I'm interested in understanding which neural network architecture is currently the state of the art (sometimes abbreviated "SOTA") with respect to standard image classification tasks such as MNIST, STLN-10 and CIFAR. This is challenging because new results are published frequently, and it can be hard to keep up. Is there a resource or website which tracks the best results for these tasks?

Best Answer

The best suggestion is from shimao:

typically any new paper which claims good or state-of-the-art performance on any task will have a fairly comprehensive results table comparing with previous results, which can be good way to keep track.

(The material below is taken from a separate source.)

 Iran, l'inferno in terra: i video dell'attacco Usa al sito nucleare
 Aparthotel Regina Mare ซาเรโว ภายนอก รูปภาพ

Any leaderboard will soon become useless, because they're basically always maintained by (undergrad/grad) students, who stop updating them as soon as they get their degree/land a job. Anyway, if CIFAR-10 and CIFAR-100 are good enough for you, this is pretty good:

https://github.com/arunpatala/cifarSOTA

This one is more general (includes ImageNet) and it has more recent results:

https://github.com/Lextal/SotA-CV

This is the one I used to use, but the owner has stopped updating it, as it often happens:

https://github.com/RedditSota/state-of-the-art-result-for-machine-learning-problems/

Finally, you may be interested in this Jupyter notebook released just today by Ali Rahimi, based on data scraped from LSVRC and the COCO website.

One last note: if you’re looking for the latest results because you want to compare your results to SotA, great. However, if your goal is applying the “best” architecture on ImageNet to an industrial application using transfer learning, you should know (if you don’t already) that the latest architectures are worse, in terms of translation invariance, than the older ones. This is a risk if your dataset doesn’t have photographer bias of if you don’t have enough compute and data to retrain the architecture on a more useful image distribution. See the excellent preprint:

Azulay & Weiss, 2018, more “Why do deep convolutional networks generalize so poorly to small image transformations?”